Por outro lado, a diplomacia superficialmente nacionalista de Donald Trump foi responsável por apaziguar diversas tensões ao redor do mundo. Vladimir Putin não fez ataques em seu governo, como fez antes e depois, em países como Geórgia e Ucrânia. Com ofensivas pontuais, o Oriente Médio não enfrentou uma crise como a que vem passando nesses últimos dois anos. Portanto, para além da caracterização pessoal que permeia o imaginário do político Trump, sua diplomacia foi calcada em acordos e coerções, que amorteceram tensões em diversas partes do mundo.
Na literatura clássica da guerra, de Sun Tzu a Clausewitz, a arte da guerra significa a instrumentalização da política pelos seus meios mais extremos. Dissuadir o inimigo significa fazê-lo repensar em sua estratégia de ataque.
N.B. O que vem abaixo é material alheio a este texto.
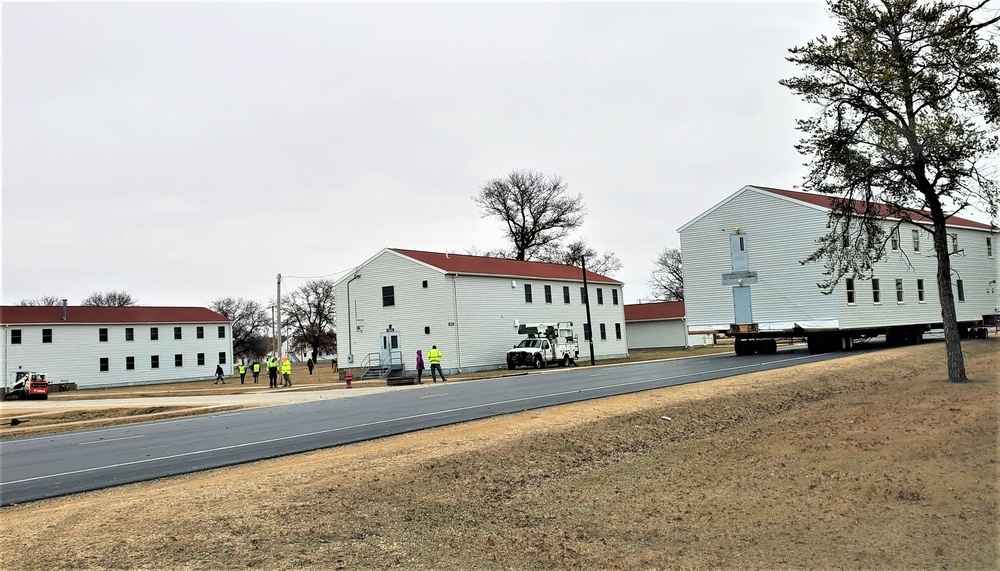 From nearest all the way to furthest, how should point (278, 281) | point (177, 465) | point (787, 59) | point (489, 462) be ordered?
point (489, 462) → point (177, 465) → point (787, 59) → point (278, 281)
O que Trump proporcionou em seus quatro anos de mandato foi exatamente isso, quando transformou a diplomacia norte-americana que vinha cometendo erros crassos a partir dos mandatos de Bush, Obama e Biden.
No cenário internacional contemporâneo, debater a participação ou não na globalização é irrelevante, pois esse processo já está incorporado no espírito do tempo de todos os lugares do planeta. Diante desse quadro, para além do debate identitário e superficial acerca do homem branco contra a mulher negra, o que está em jogo é justamente quando e como o mundo viverá um tempo maior em paz.